狂気すらも感じる……それを見ていたヴィクトールは目を瞠り、冷や汗をも流していた。タチとなる相手もドールとして敏感な身体を作られた人間、ドールのテストの時に二人でキャンキャンと啼きながらセックスをするというのは珍しいことではなかった。しかし、この兄弟は。おかしい、何かが普通ではない。ヴィクトールはヘンゼルとグレーテルをみて、そう思う。
「やぁあんっ、にいさ、んっ! あんっ、ぁあッ!」
「あっ、あ、ん、だ、め……ッ」
いつもは恥じらいながらも自分を求めてくれるヘンゼル。それが今やどうだ。弟に抱かれ壊れたように快楽に溺れている。抗いようのない強烈な快楽に為す術もなく屈服している。弟を相手にするとああなるものなのか……自分以外の男に感じているこのへの嫉妬よりも驚きが勝るほどに、ヘンゼルの様子はいつもとは違っていた。
「い、くッ! なぎ、……だめ、とめて……アッ、いくっ、イク……!」
かくかくと腰を振りながら、どろどろに蕩けた表情をしている椛。彼をみつめ、ザワリとなにかが胸の中で蠢くのを覚えて、ヴィクトールは息を呑む。あの少年がオカシイのだろうか、あの少年はなぜヘンゼルを狂わせることができるのか……
「あっ、なかっ……にいさん、なか、でるぅッ!」
「いっ、だめっ、なか、やだ……! ゆるして、なぎ、……あっ、イク、イクイク、や、あーー!」
ぎゅうっと椛の身体を抱きしめ、ヘンゼルは何度目かになる絶頂に達した。椛も同時にいったのだろう、身体を強ばらせたかと思うとぺたりとヘンゼルの身体の上に倒れこむ。
「兄さん……出しちゃった……」
「……」
「兄さんが……女の子だったら、僕の子供できていた、かもね」
椛はヘンゼルの下腹部に手を伸ばし、椛の精液が溜まっているだろう場所を手のひらで撫でる。そしてここに種付けをしてやったのだと、恍惚とした表情で笑う。
「お疲れ様、ふたりとも」
最後までいった、それを確認したヴィクトールは足早に二人のもとへ歩み寄る。これ以上ヘンゼルを触られるのは癪だったし、あまりこの兄弟を触れ合わせてはいけないような気がしたのだ。ヴィクトールはタオルで軽くヘンゼルの身体を拭いてやると、椛から取り上げて抱きかかえる。まだぼんやりと意識を保っていたヘンゼルは、自分を抱く男がヴィクトールでると気づくと、安心したように目を閉じた。

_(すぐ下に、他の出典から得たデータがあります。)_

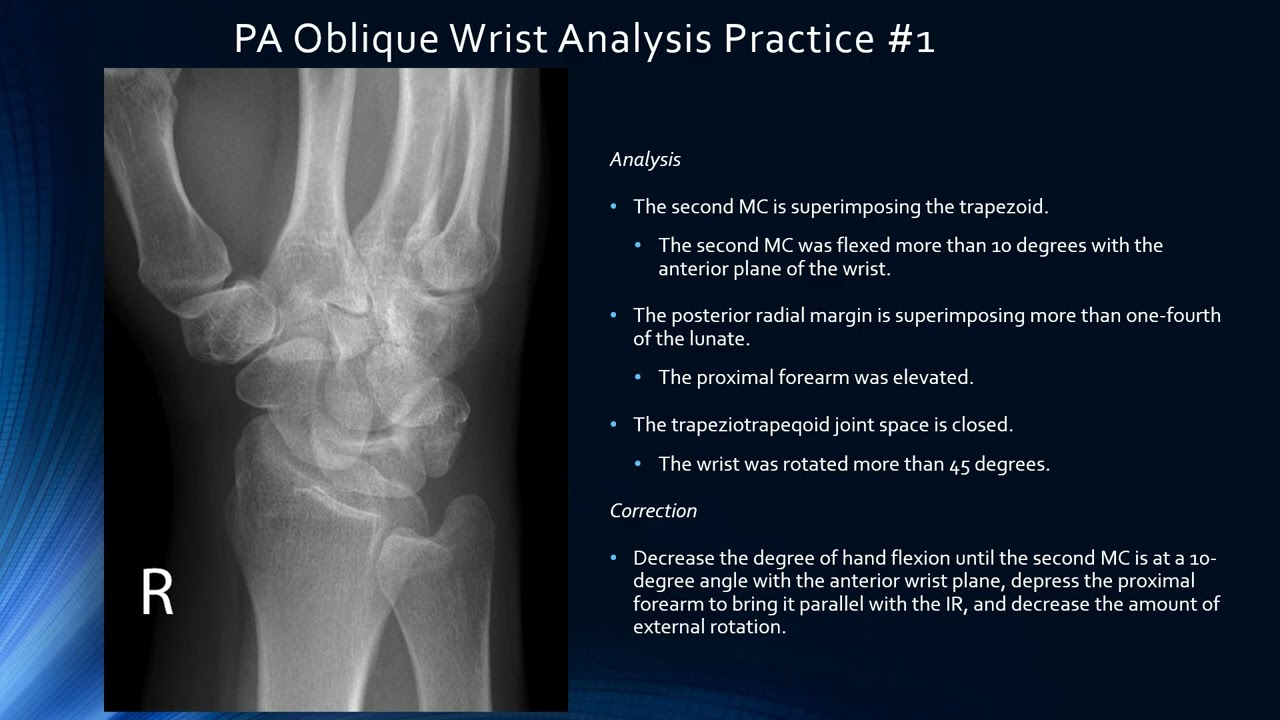 Image Analysis -Upper Extremity -Thumb, Wrist, Forearm, Elbow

「グレーテルくん……君、ヘンゼルくんのこと抱いたのは初めて?」
「……そうですけど」
まるで椛とのセックスに慣れていたかのようなヘンゼルのよがりっぷりに、ヴィクトールは疑問を覚えていた。ヘンゼルを取り上げられてムッとした表情をした椛にヴィクトールが問いかければ、椛は体を起こしベッドの上に座る。
「……兄弟だから特別なのか、いや……」
「あの」
「なんだ」
「貴方、先ほど兄さんにヴィクトールと呼ばれていましたけれど……トロイメライの団長のヴィクトールですか?」
「……そうだけど」
椛はじっとヴィクトールの顔をみつめた。他のドールから聞いたヴィクトールの話、自分たちへの仕打ち……それらの非道と反する、ヘンゼルへの眼差し。この部屋に入ってきたときにみせたヘンゼルの、ヴィクトールへ心を許したような表情が思い出される。ヘンゼルを抱いた男の正体が、今目の前にいる男であると気付いた椛は、静かに吐き捨てた。
「……貴方に幸せな終わりなんて、絶対に訪れない」
その穢れた手で兄に触れるな、その穢れた心で兄を愛するな誑かすな。たくさんの人々を不幸にした者が幸福を望むことはなんて腹立たしい。椛の燃えあがる憎悪は冷たい言葉の刃となってヴィクトールに突き刺さる。
「……っ」
ドールにここまでの敵意を直接向けられてヴィクトールが抱いたのは、戸惑いだった。いつもはドールに敵意なんてむけられたところで、羽虫の羽ばたきくらいにしか思わず気にも留めない、または見せしめに惨殺でもしてやろうくらいしか思わないのに……椛の言葉にヴィクトールは酷く衝撃をうけた。ヘンゼルが何度も何度も、悪事を働いてきた自分に寄り添うことに苦しんでいたから。そして、苦しむ彼をみて、自分自身、苦しかった。しかしここまで大きくなった組織の頭を辞めることなど、そんな理由で叶うわけがない。今更辞めたところで罪を償えるわけでもない。椛の言うことはもっともで、自分のなか、どこかで常に思っていたことでもあったのだ。
「僕は……」
お互い苦しいのに、もうヘンゼルのことを手放せない。ヘンゼルが100回ショーで勝てばここを離れるというルールはあるが、それまではかなりの時間がある。せめて、それまでは夢を見ていたい。好きで、大好きでたまらないヘンゼルと一緒にいたい。自分勝手な彼への愛が溢れてしまう。
ヴィクトールは逃げるようにして椛に背を向けた。情けない、と思いつつも言い返す言葉がない。人を好きになると弱くなるな、と実感してしまう。
「……後に団員がくる。その人にシャワー室に連れて行ってもらうといい。君はまた、明日からドールとしていつも通りの生活を送ってもらう」
刺すような視線を背中に浴びながら、ヴィクトールは部屋をあとにした。